Part 2 is written by Joel Soisson, a long time producer who had recently moved into screenwriting with HIGHLANDER: ENDGAME and DRACULA 2000, and would become a go-to DTV sequel guy for the company (DRACULA II and III, HELLRAISER: HELLWORLD, HOLLOW MAN 2, some PROPHECYs, some PULSEs, some CHILDREN OF THE CORN, etc.). The director they chose was a little more unusual. Jean de Segonzac was a d.p. as well as director for Homicide: Life on the Street, and he pretty much created its groundbreaking and widely imitated documentary style. He also shot John McNaughton’s NORMAL LIFE and an amazingly raw documentary called EIGHT-TRAY GANGSTER: THE MAKING OF A CRIP. So at the time I felt he brought some credibility to this thing.

(I was probly not aware that he’d directed BAD AS I WANNA BE: THE DENNIS RODMAN STORY.)

Not surprisingly, Mira Sorvino didn’t come back for the sequel. So what are your options there? You could have another actress take over as Susan (the DARKMAN II approach), you could have a new character that you say is her daughter or something (the ROAD HOUSE 2 approach), you could just have a whole new set of unrelated characters (the, let’s say, WILD THINGS 2 approach). Instead they chose something like the TREMORS 2 approach of promoting an original supporting character to the lead. But MIMIC doesn’t have any side characters as notable as Fred Ward and Michael Gross, so this stars Alix Koromzay as Susan’s friend Remy.

From one perspective that’s kind of funny – when I saw this at the time I’m not sure if I even remembered she was from the first one. The character didn’t even register with me enough to realize she was a fellow entomologist, so I doubt anybody was anxious to find out more about her. But I think that that’s exactly what’s so cool about it. Remy doesn’t seem like the type of character who normally gets to be the protagonist of a genre movie, nor does Koromzay seem like an actress who usually gets to be the lead (in fact this is the only feature she’s gotten top billing in). So once again this is the DTV sequel spirit: taking the opportunity to do something they’d never let you do in a “real” sequel.

This came out in 2001, four years after the first movie, and also takes place four years later. New York City homicide detective Klaski (Bruno Campos, voice of the prince in THE PRINCESS AND THE FROG) is investigating a succession of dead bodies found hanging from the wires with their faces ripped off, and figures out that they all knew Remy, who is working as a teacher in a poorly funded (i.e. racially diverse/DANGEROUS MINDS style) high school.
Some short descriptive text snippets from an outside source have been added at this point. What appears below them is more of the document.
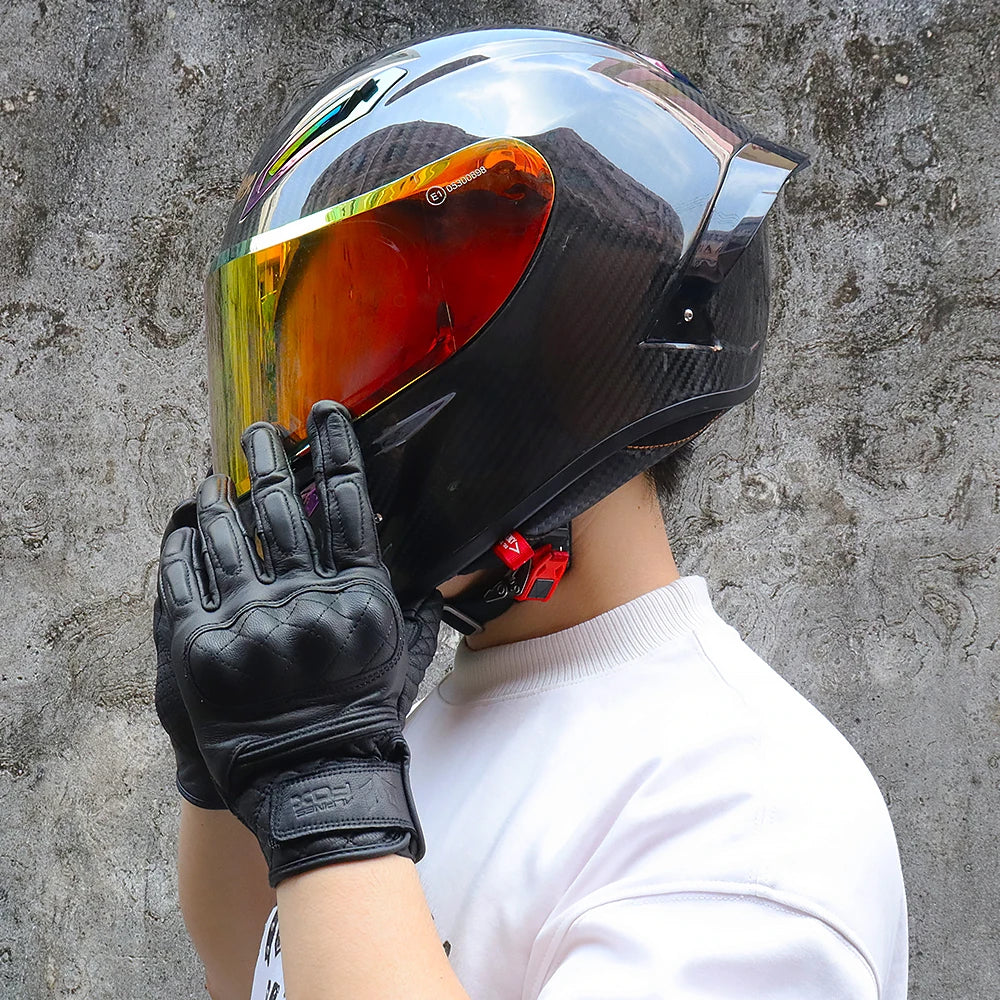 Vintage Leather Motorcycle Gloves Men Women Wear-resistant Motobike Guantes Touchscreen Anti-slip Retro Motobiker Luvas Yellow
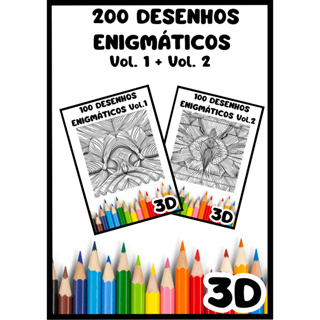 Kit 100 Desenhos Para Colorir Adulto em Folha A4 - 2 por Folha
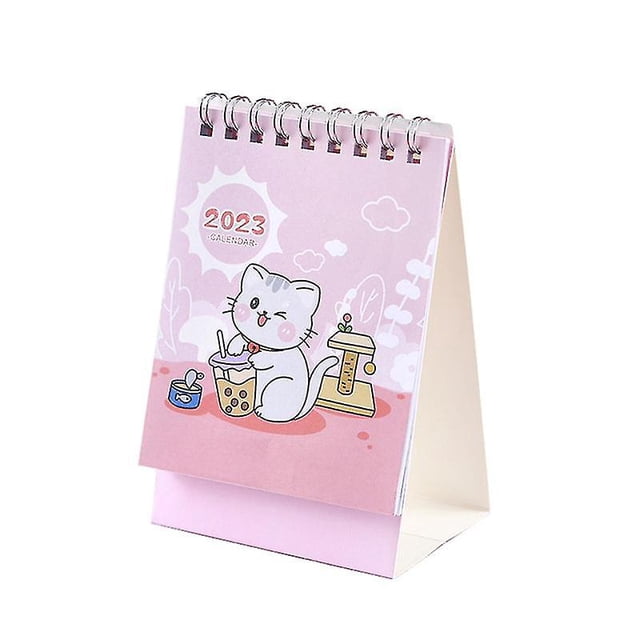 Mini calendario de escritorio, libro de plan multifuncional, cuaderno con patrón de dibujos animados lindo, grabación de fecha mensual 2023, calendario de dibujos animados, decoración de mesa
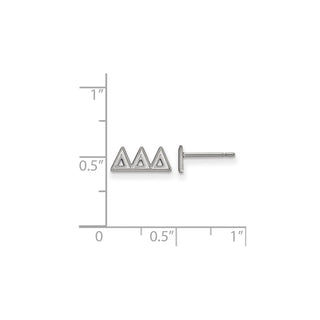 Sterling Silver Rhodium-plated LogoArt Delta Delta Delta Sorority Greek Letters Extra Small Post Earrings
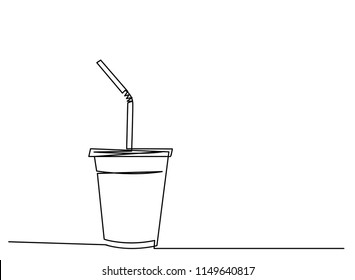 Continuous line art or One Line Drawing of glass drinking water Fun concept celebrates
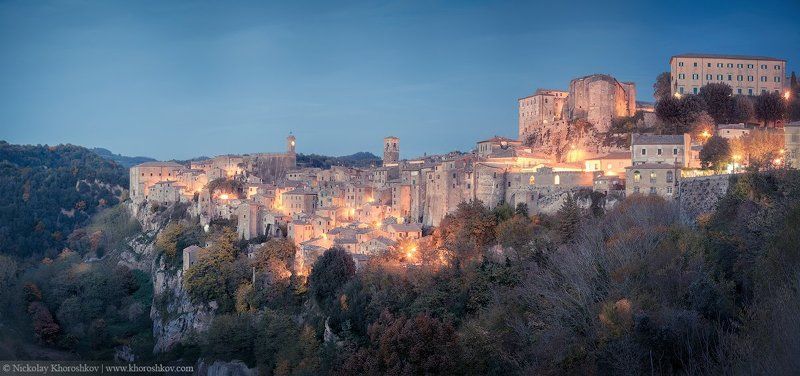 Сорано, Италия, Тоскана, город, архитектура, панорама Средневековый городphoto preview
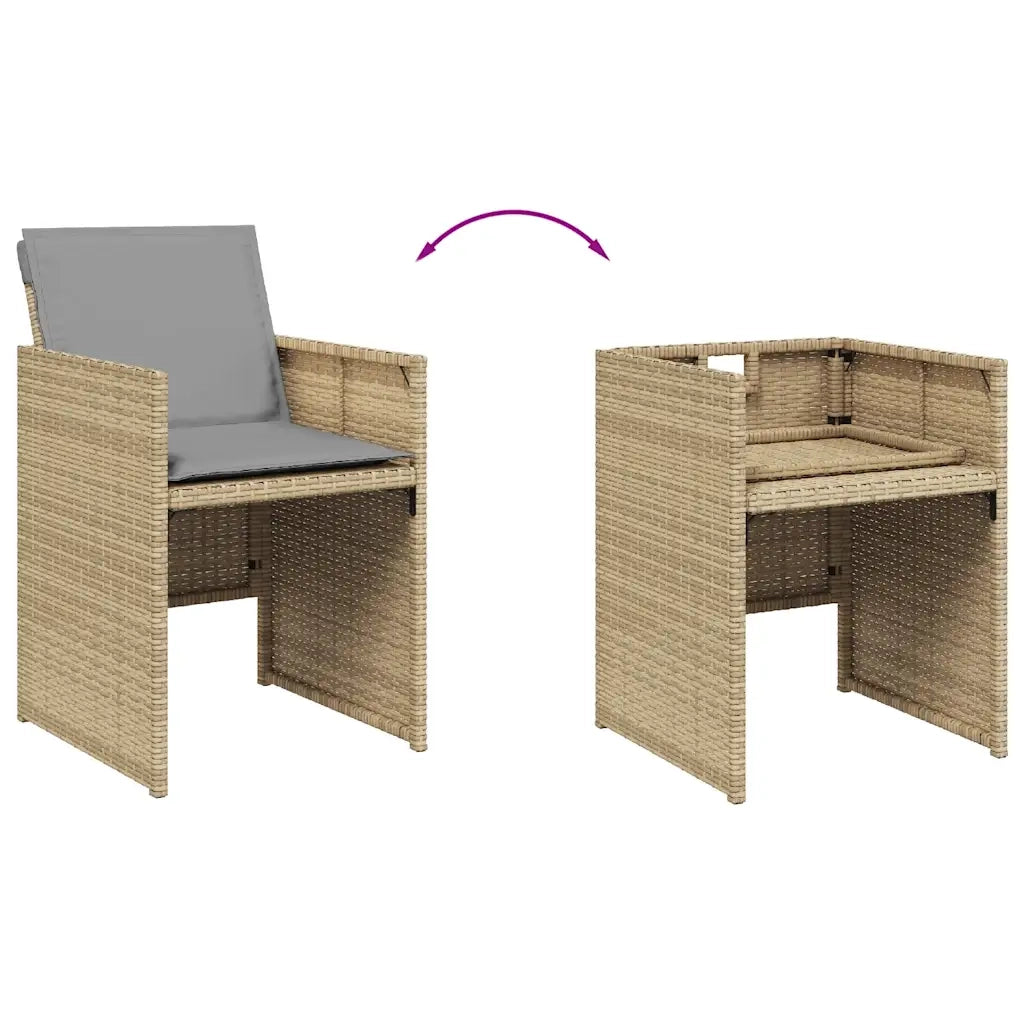 Set Pranzo da Giardino 17 pz con Cuscini Beige Misto Polyrattan 3277835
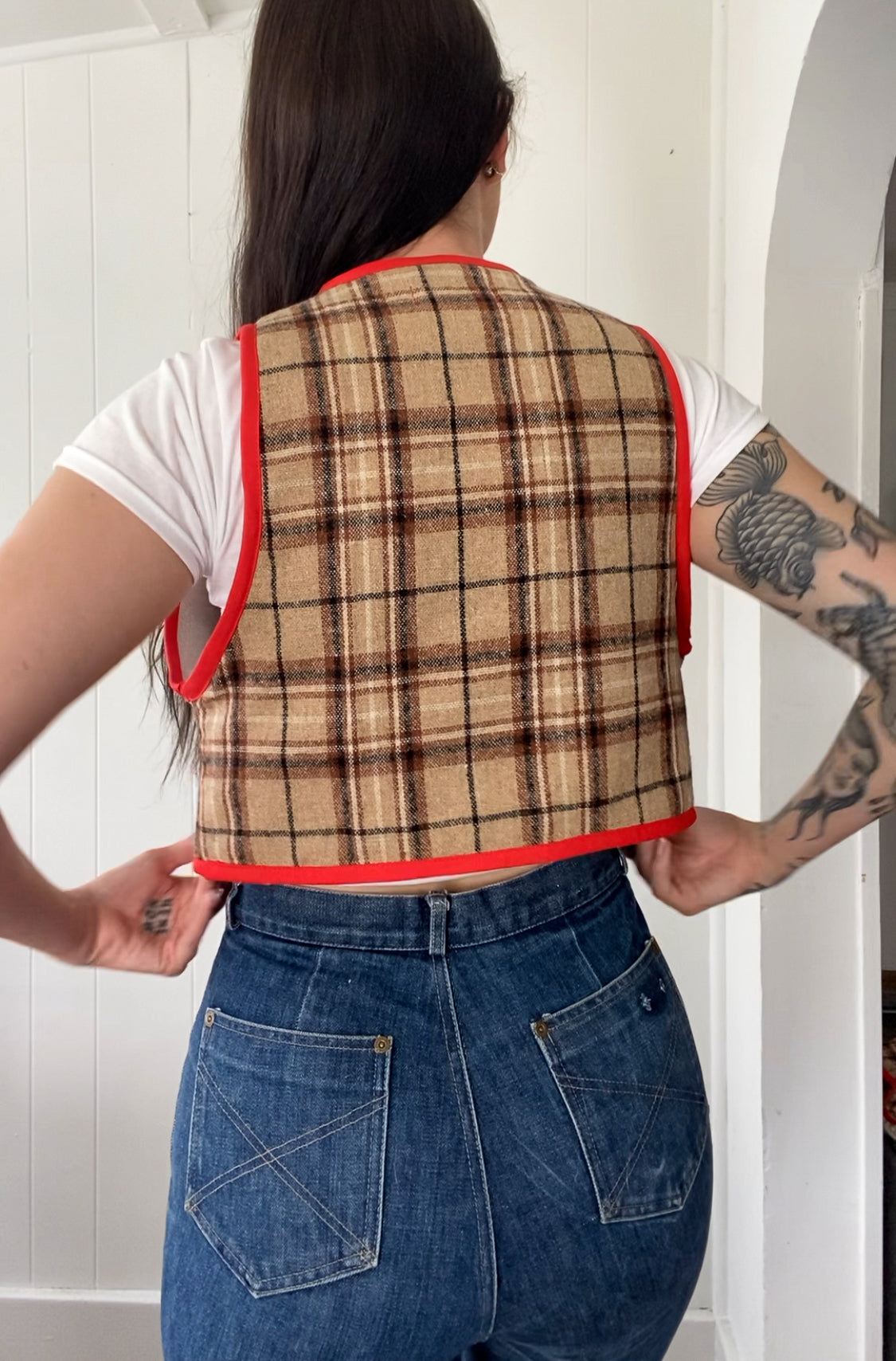 Upcycled Tie-Front Vest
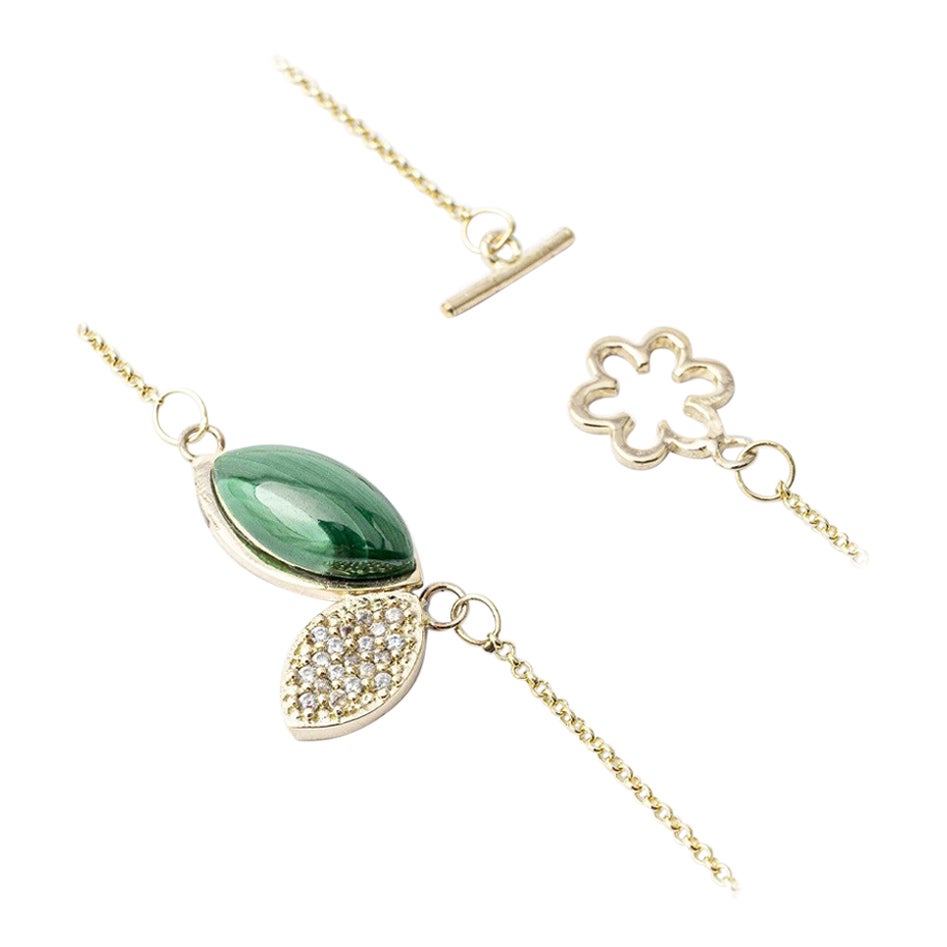 Giselle Collection Aloe 18kt Yellow Gold Choker Necklace with Malachite&Diamond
Remy has been through alot, not just Judas-Breed-related. She breaks up with an abusive boyfriend, and adds a Polaroid of her bruised face to her wall of shame, where a shocking number of injury selfies are labelled with the names of the men responsible. (Her camera is later used for a really cool horror gimmick: it’s too dark to see outside but she holds it out the window and blindly takes a flash photo, which proves to catch the bug’s face.)

She has reason to hate some of these victims, but the detective soon sees for himself that oh shit, there is a god damn INSECT MAN stalking her, maybe he would make a better suspect. Eventually they figure out it’s trying to mate with her. Harassing her and having unfair expectations of her just like the human men it’s mimicking.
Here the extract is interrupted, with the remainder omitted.